Bakan Yerlikaya'nın konuşmasından satır başlıkları şu şekilde oldu:
"Türkiye olarak organize suç örgütleri, zehir tacirleri ve tüm suç yapılanmalarına karşı canla, başla, gece, gündüz demeden mücadele ediyoruz. Bizler asayişi, huzurun anahtarı olarak görüyoruz. Bu konuda hem dinamik hem de son derece şeffaf bir süreç yönetiyoruz. İl il ülkemizdeki asayiş kurumunu oluşturan olayları aydınlatma oranlarını, hepsini açık, şeffaf kamuoyuyla paylaşıyoruz. Asayiş vizyonumuz; önleyiciliği esas alan bir güvenlik yaklaşımıdır. Zira önemli olan suçun oluşmasını önlemektir. Bu bizim birinci önceliğimizdir. İkinci önceliğimiz ise, eğer suç oluşmuşsa suçluları yakalamak ve adalete teslim etmektir. Ülkemiz genelinde geçtiğimiz yılın aynı dönemiyle kıyasla bu yılın ilk 11 ayında kişilere karşı işlenen suçlarda olay sayısını 28 bin 446 azalttık. Bu suçlarda aydınlatma oranımızı yüzde 98’e çıkardık. Ne demek bu? Yani her 100 olaydan 98'ini aydınlattık. Götürüp adalete teslim ettik.

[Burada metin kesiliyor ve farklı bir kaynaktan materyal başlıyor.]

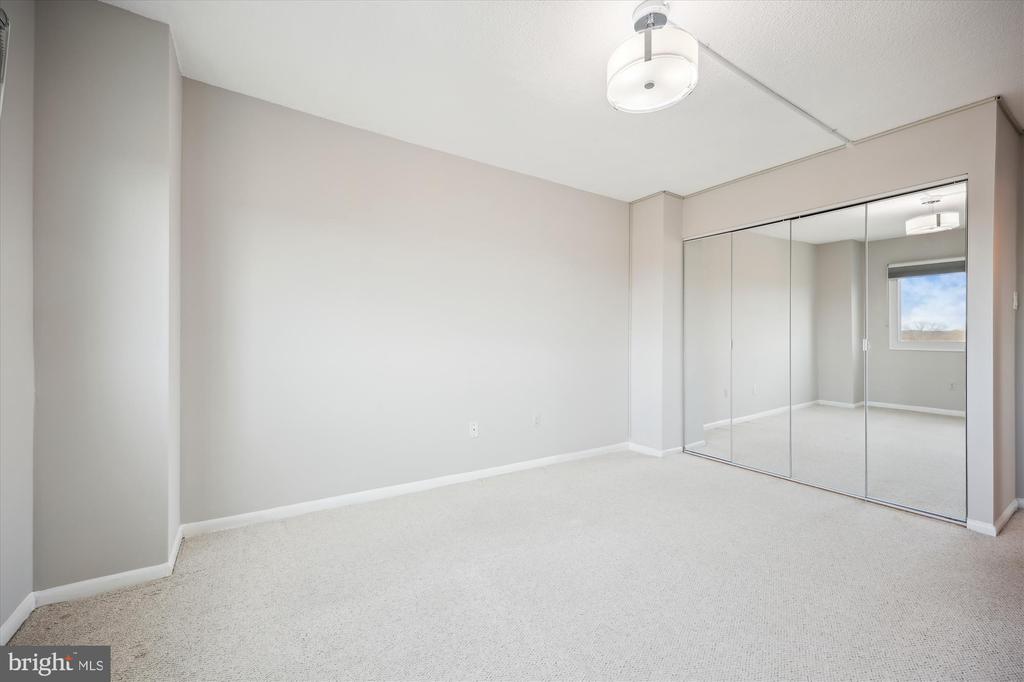 1121 University Blvd W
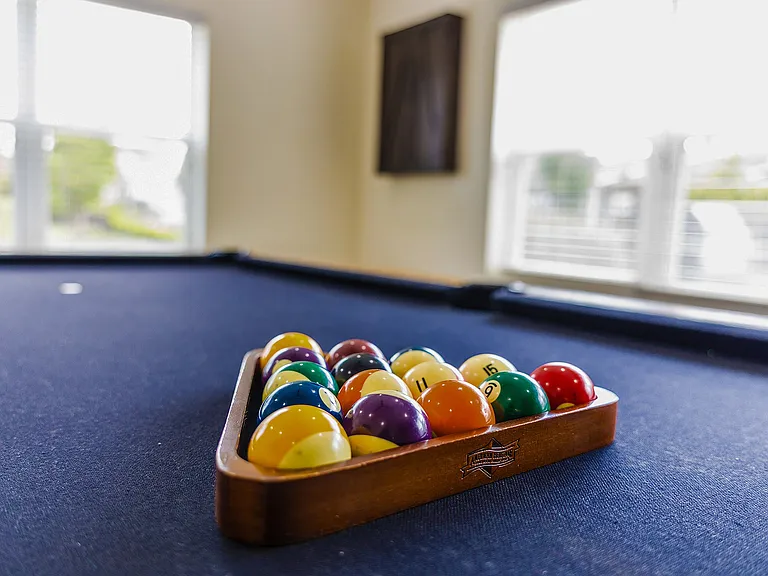 Billiard & Bourbon Lounge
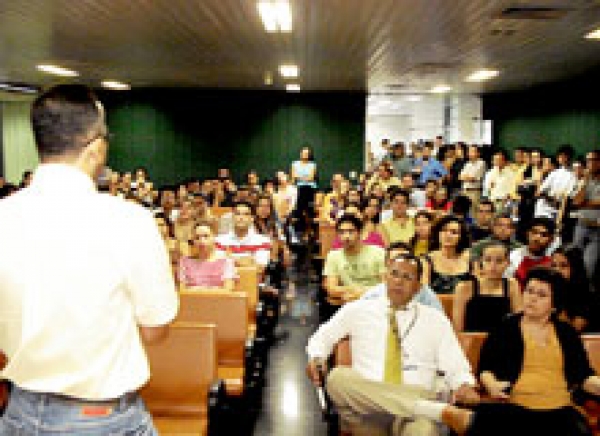 Servidores do TJ apóiam mudança de horário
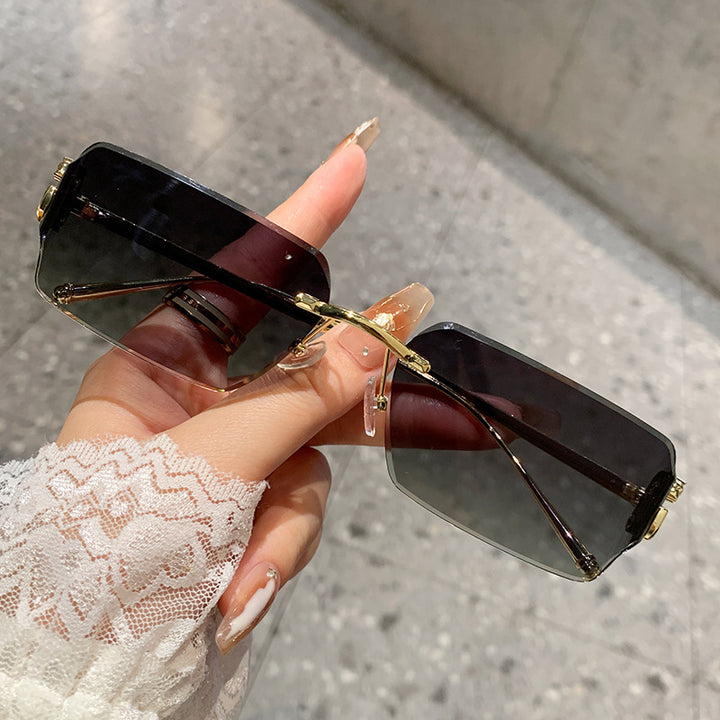 Dame elegant firkantet solbrille med stilfullt skjellmønster og UV-beskyttelse Skanto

"Üzerinde hassasiyetle durduğumuz bir başka mücadele alanımız da ruhsatsız silah konusu"
Mal varlığına karşı işlenen suçlarda olay sayısını ise geçen yılın aynı dönemine göre 78 bin 824 azalttık. Mal varlığına karşı işlenen suçlarda aydınlatma oranımızı yüzde 83’e çıkarttık. Böylelikle son 11 ayda kişilere ve malvarlığına karşı işlenen suçlarda olay sayısını toplam 107 bin azalttık. Ülkemiz genelinde 2023 yılının ilk on bir ayında toplam 136 bin 41 hırsızlık olayı yaşanmıştı. Bu yılın aynı döneminde ise hırsızlık, 65 bin 713 azaldı. Bir taraftan asayiş olaylarını azaltıyoruz. Üzerinde hassasiyetle durduğumuz bir başka mücadele alanımız da ruhsatsız silah konusu. Aziz milletimiz bu konuda düzenlediğimiz 'Mercek' operasyonlarıyla ne denli tavizsiz bir duruş sergilediğimizi biliyor. Bu operasyonlar kapsamında bu yıl içerisinde 99 bin 277 silah ele geçirdik. 110 bin 361 şahsa işlem yaptık.

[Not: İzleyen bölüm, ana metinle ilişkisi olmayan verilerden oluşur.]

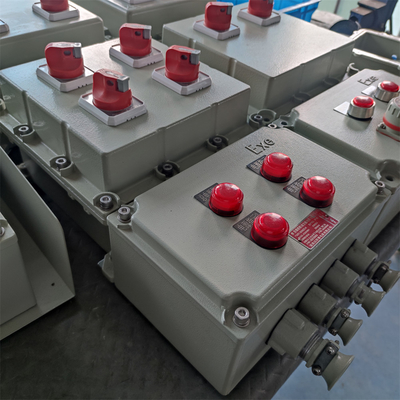 معتمد ATEX CNEX CXM Series Ex D E IIC صندوق توزيع الإضاءة المقاوم للشعلة حماية IP66 غطاء الألومنيوم الدائم للمناطق الخطرة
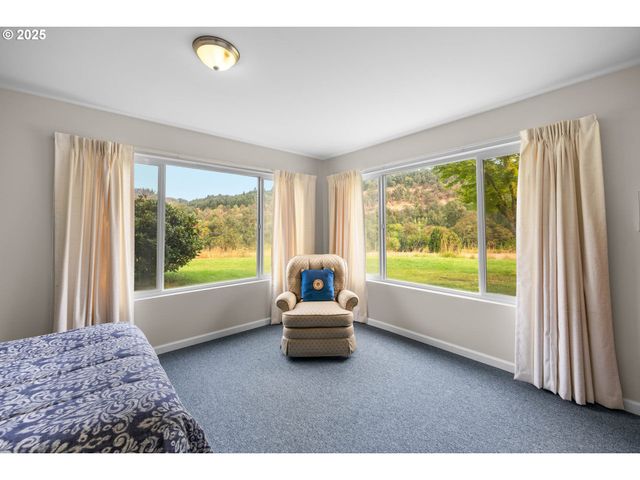 150 RIVERWOOD Ln, Oakland, OR 97462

"Bu amaçla bu yıl 541 organize suç örgütünü çökerttik"
Her türlü organize suç örgütlerine karşı etkin bir mücadele yürütüyoruz. Gelişmiş risk analizleri, profilleme yöntemleri, stratejik çalışmalar ve planlı operasyonlarla organize suç örgütlerini bir bir çökertiyor, adalete teslim ediyoruz. Uluslararası, ulusal, bölgesel ya da yerel; büyük ya da küçük hangi boyutta, hangi düzeyde olursa olsun şehir eşkiyalarına nefes aldırmıyoruz. Bu amaçla bu yıl 541 organize suç örgütünü çökerttik. İnsanlığı tehdit eden küresel bir sorun olan uyuşturucuyla mücadele sadece bir güvenlik değil, yarınlarımızın da meselesidir. Yaptığımız her bir operasyon geleceğimize sahip çıkma mücadelesidir. Uyuşturucuyla mücadeleyi bir vatan görevi görüyoruz. Bu vatani görevi ifa ederken öyle güçlü mücadele veriyoruz ki sadece bu kabine dönemimizde 51 bin 877 şahıs uyuşturucu suçundan dolayı tutuklandı.
"Türkiye'de 4 milyon 171 bin 415 yasal olarak kalan yabancı bulunmaktadır"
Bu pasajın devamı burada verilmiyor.